**Data listing**
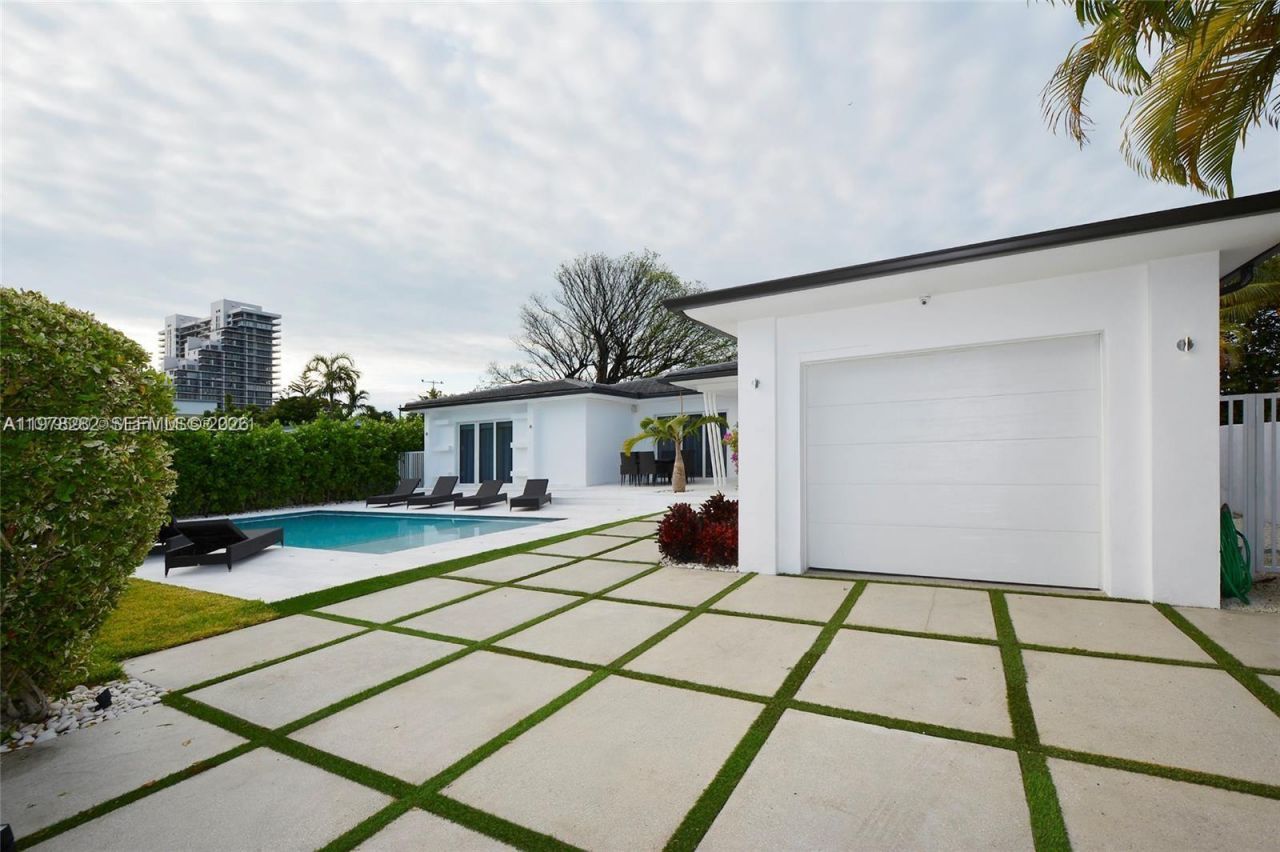 880 N Venetian Dr , Miami Beach, FL 33139 Photo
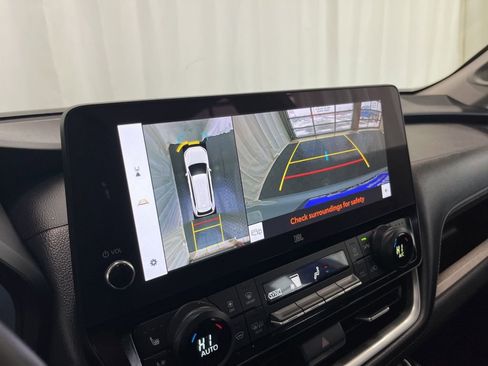 Used 2024 Toyota Grand Highlander Platinum image 13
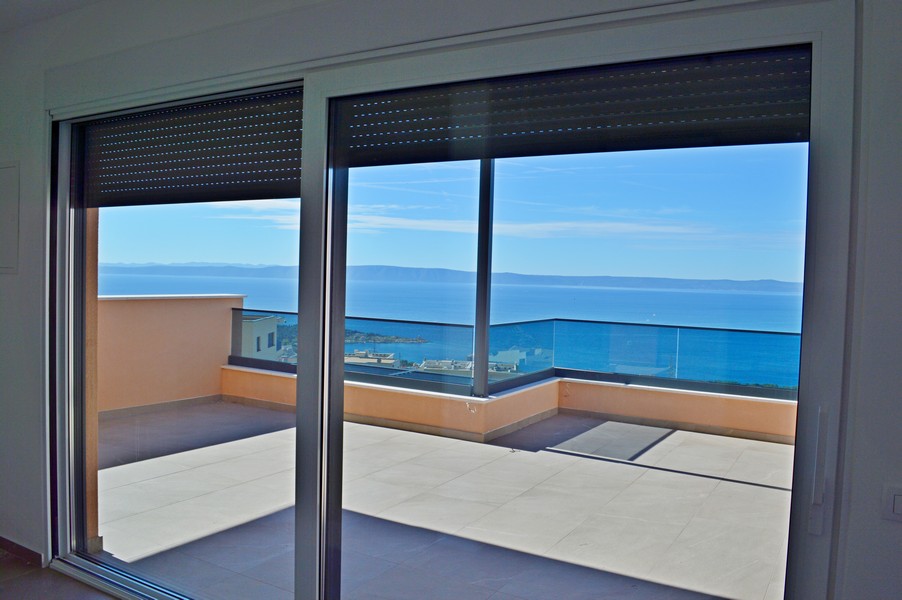 Strešná terasa s krásnym výhľadom na more nehnuteľnosti H2147 v Makarskej.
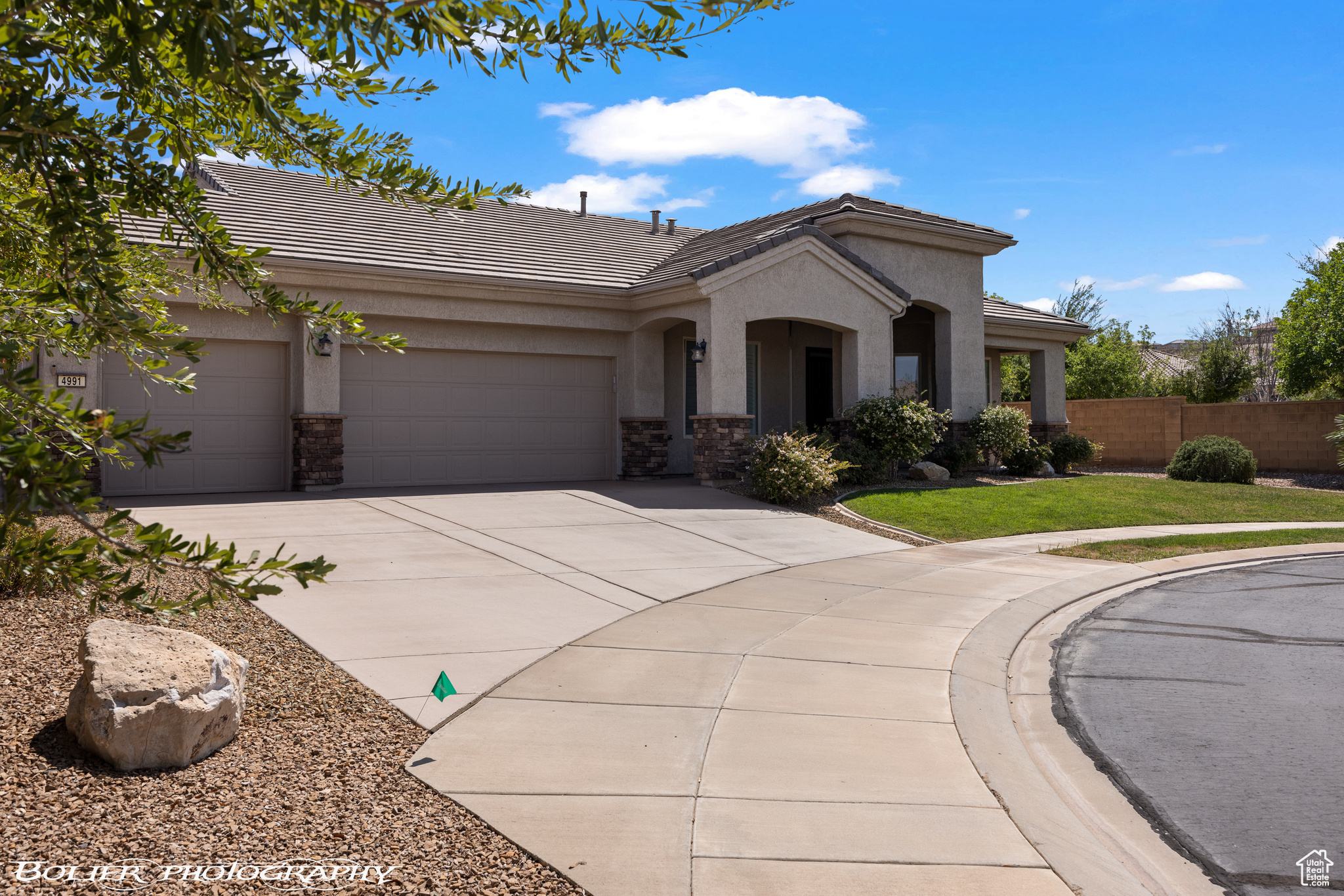 main property photo 10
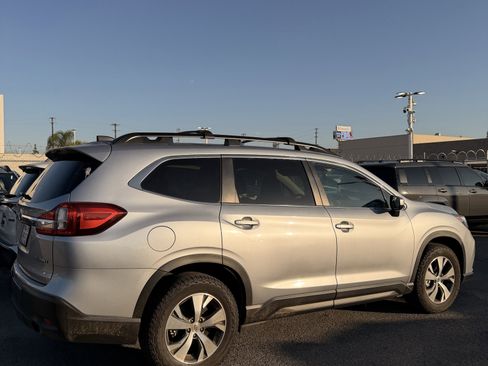 Used 2022 Subaru Ascent Premium w/ Convenience Package image 2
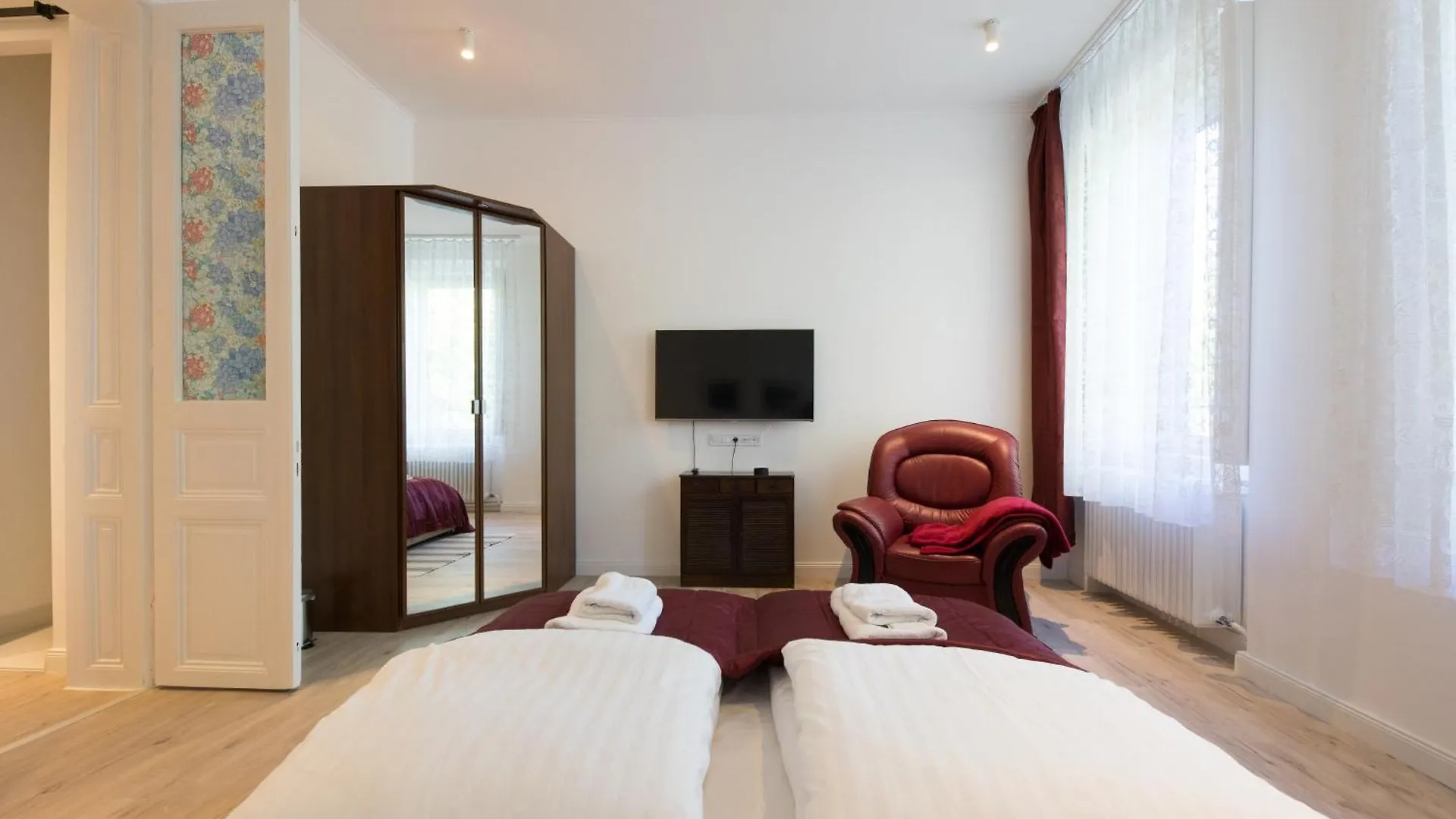 Guest house Wagner Villa 902 With Free Private Parking Budapest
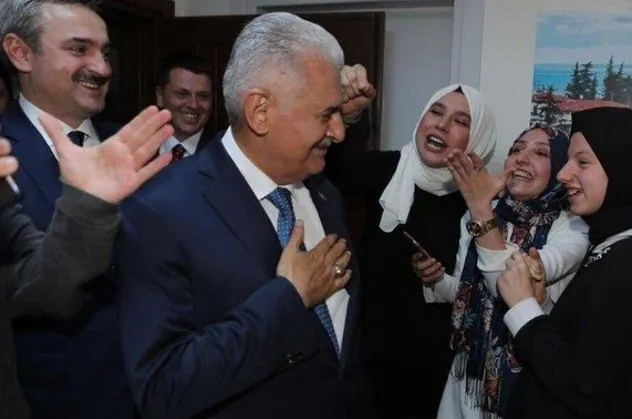 Binali Yıldırım'dan sürpriz ziyaret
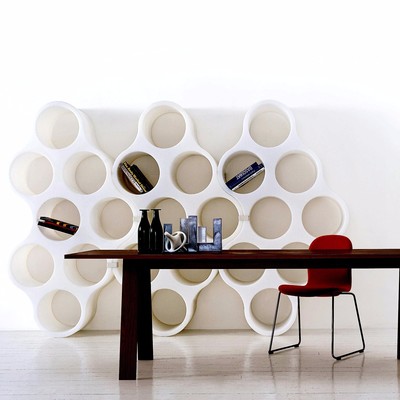 現(xiàn)代家居的藝術(shù)收納 從鏤空休閑椅到云朵書(shū)架的設(shè)計(jì)美學(xué)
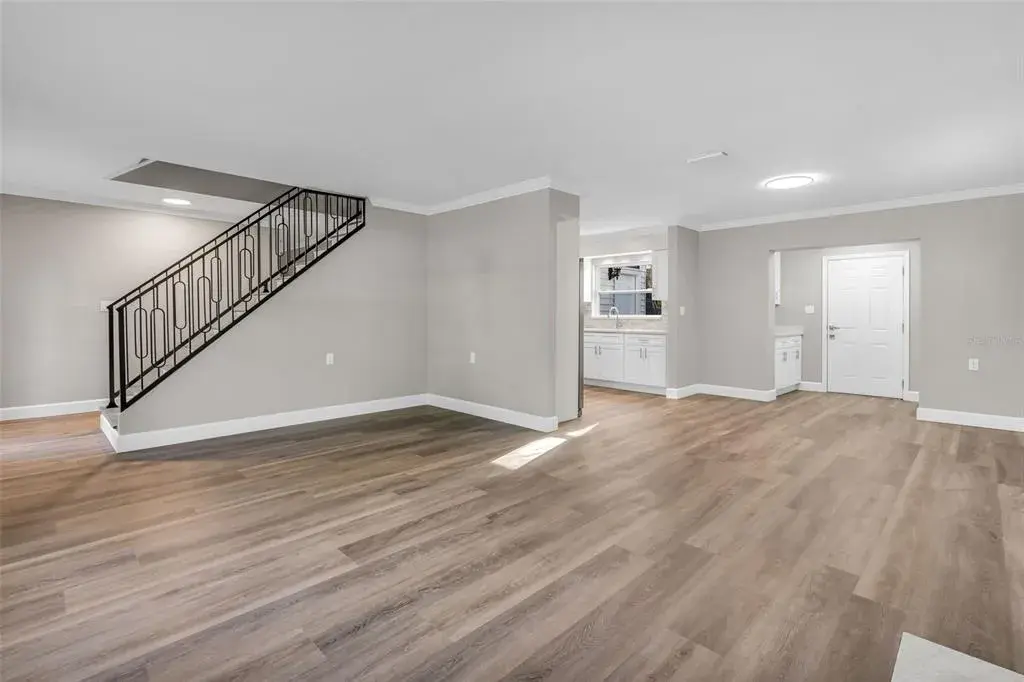 Property for sale at 216 S SHORE CREST DRIVE, TAMPA, FL, 33609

**Problem details**
From the line containing "Used 2022 Subaru" to the last line of the entries, copy every line exactly, including both ends, and leave out the pictures.

**Completed task**
 Used 2022 Subaru Ascent Premium w/ Convenience Package image 2
 Guest house Wagner Villa 902 With Free Private Parking Budapest
 Binali Yıldırım'dan sürpriz ziyaret
 現(xiàn)代家居的藝術(shù)收納 從鏤空休閑椅到云朵書(shū)架的設(shè)計(jì)美學(xué)
 Property for sale at 216 S SHORE CREST DRIVE, TAMPA, FL, 33609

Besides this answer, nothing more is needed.